É um disco que permanece na memória de muitas pessoas e cuja originalidade permanece inigualável.
Membros :
Dedos Tubarão (Pedro Ayres Magalhães) (voz, baixo),
Gato Dinamite (aka Flash Gordon)
Emanuel Ramalho (bateria, percussão, voz),
Rocky Tango (aka Ultravioleta, Paulo Pedro Gonçalves) (voz),
Falso Alarme (guitarra, voz),
Carlos Maria (teclas, voz),
Choque Eléctrico (sintetizador, voz)
Clube Naval foi uma banda formada em Lisboa que teve uma existência curtíssima e que editou apenas um single que se tornou bastante conhecido e alvo até de algumas piadas. O single em questão, PROFESSOR XAVIER é uma música pop extremamente dançável, aliada a um refrão inesquecível. Foi editado em 1983 com mais um tema, SALVA-VIDAS e no vinil constam duas versões diferentes desses temas. O tema foi eventualmente repescado e surgiu na compilação editada em 2008, LUSO POP.
Membros:
Godinho (voz),
Salema (voz)
Salema (voz)
Street Kids foi uma banda formada em 1979 em Lisboa e que editou em 1982 o disco TRAUMA composto por nove temas. É notória a influência new wave e inclinações synth pop durante todo o disco. Apesar do tom “colorido” das melodias e das inclinações para a pista de dança, há sofisticação na composição e algum cuidado para não cair em fórmulas. As letras também contêm alguma contestação social como em TROPA NÃO e PROGRESSO. Há também instrumentais surpreendentes como o tema ISRAEL e NOVA ATITUDE. É um disco marcante de new-wave português que detém o prestigio de não soar datado.
Membros:
Nuno Rebelo (baixo),
Luís Ventura (aka Mané) (voz),
Eduardo Sobral Pimentel (guitarra),
Nuno Canavarro (aka Nuno II) (teclas, 1980-83),
Flash Gordon (Emanuel Ramalho) (bateria, 1980-83)

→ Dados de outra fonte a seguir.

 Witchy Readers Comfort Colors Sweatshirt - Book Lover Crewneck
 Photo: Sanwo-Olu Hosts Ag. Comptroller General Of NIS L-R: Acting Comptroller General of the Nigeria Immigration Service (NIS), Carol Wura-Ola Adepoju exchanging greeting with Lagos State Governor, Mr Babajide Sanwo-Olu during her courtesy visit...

BAN foi uma banda formada em 1981 no Porto. Estrearam-se em 1988 com o disco SURREALIZAR composto por nove temas. O som é reminiscente de um post-punk ou talvez post-pop com guitarras fluídas, ritmos certeiros e o cativante dueto de vozes de João Loureiro e Ana Deus. Um dos temas mais populares do disco foi IRREAL SOCIAL que continua a ser bastante “rodado” hoje em dia, no entanto, o disco é composto por temas igualmente interessantes. Depois de SURREALIZAR, foi a vez de MÚSICA CONCRETA com a mítica canção Dias Atlânticos. O disco é composto por dez temas de um pop bastante suave mas que nunca teve medo de explorar os seus limites e quebrar barreiras.
Ana Deus, por Bruno Simão
Membros:
João Loureiro (voz),
João Ferraz (guitarra),
Paulo Faro (bateria),
Francisco Monteiro (baixo),
Emanuel Ramalho (bateria),
Ana Deus (voz),
Rui Fernandes (saxofone),
Ricardo Serrano (teclas),
Emília (1994, voz)
João Loureiro (voz),
João Ferraz (guitarra),
Paulo Faro (bateria),
Francisco Monteiro (baixo),
Emanuel Ramalho (bateria),
Ana Deus (voz),
Rui Fernandes (saxofone),
Ricardo Serrano (teclas),
Emília (1994, voz)
Sétima Legião formou-se em 1982 em Lisboa e durante a década de 80 editaram três discos fantásticos. A UM DEUS DESCONHECIDO em 1984, MAR D’OUTUBRO em 1988 e DE UM TEMPO AUSENTE de 1989. No seu som conseguem fundir a modernidade de um post-punk com a música folk tradicional e com um espírito ou essência do que é ser português. Usam uma quantidade infindável de instrumentos que conseguiram criar a mística necessária para se tornarem uma das bandas mais importantes e interessantes dos anos 80. A UM DEUS DESCONHECIDO é composto por onze temas, incluindo os instrumentais Pois que Deus assim o quis e A Partida (versão). É um disco que assinala a estreia de uma banda que apesar da sua curta duração contribui com grandes clássicos para o repertório musical português.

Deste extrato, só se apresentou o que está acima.